Front-wheel drive gets a bad rap with car enthusiasts. You’ve heard about torque steer and “wrong-wheel drive” and might write it off as being for grocery-getters, not real performance cars. But here’s a professional stunt driver, racer and rally expert who says differently. And he has some advice.
A few weeks ago I caught up with Canadian pro driver and BFGoodrich Performance Team Member Andrew Comrie-Picard, who has all those titles I just mentioned and has spent a lot of time teaching drivers to be fast with front-wheel drive cars.
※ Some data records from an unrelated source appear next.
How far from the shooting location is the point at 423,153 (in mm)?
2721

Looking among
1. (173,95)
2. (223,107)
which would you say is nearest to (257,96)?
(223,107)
Since I’m going to be driving the new Honda Civic Type R in a few days, I asked for advice, and he basically took me through six principles:
- Master the “friction circle”
- Run really good tires
- Left-foot brake
- Work with your car’s electronics, not against them
- Make the most of where your car’s weight is
- Expect your FWD skills to translate to AWD cars
Comrie-Picard had a lot to say explaining what all that means, and I’ve transcribed all the tips I was able to get out of him after I let ACP, as he’s known, tell me about Car Saviors, the TV show he’s trying to get traction with where he teams up with Hoonigan’s Britan Scotto to “restore” and reimagine weird old garbage cars and then drift the hell out of them. So basically, it’s right up our alley. (You can watch the first episode, where an ancient Rolls Royce gets turned into a drift machine, right now on DiscoveryGO for free if you have a cable subscription.)
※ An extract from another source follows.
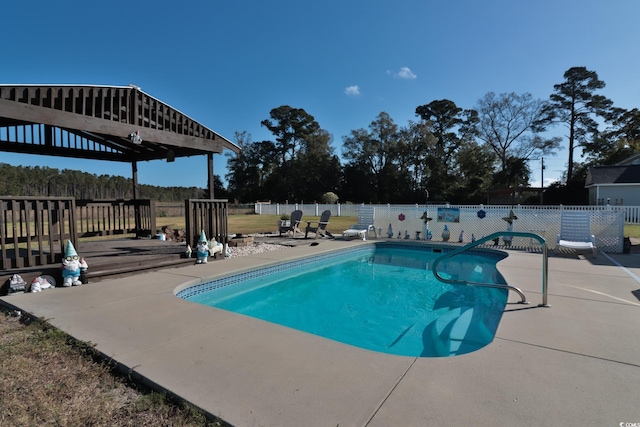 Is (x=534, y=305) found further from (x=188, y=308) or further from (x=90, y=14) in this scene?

Whether or not the show gets picked up for more episodes remains to be seen, but what I do know is that Comrie-Picard can drive. And he’s particularly talented when it comes to making front-wheel drive cars go fast.
In fact, Rally Driving: The Basics, an article ACP wrote back when Mitsubishi still made viable racing cars, is still one of the most-referenced guides on how to hustle a FWD car I’ve seen around the internet.
Since so many of today’s the most readily-available performance cars are FWD, and the FWD Honda Civic Type-R is just days from landing in the United States, I feel like now’s the perfect time to revisit techniques you can use to get the most out of your front-driven vehicle.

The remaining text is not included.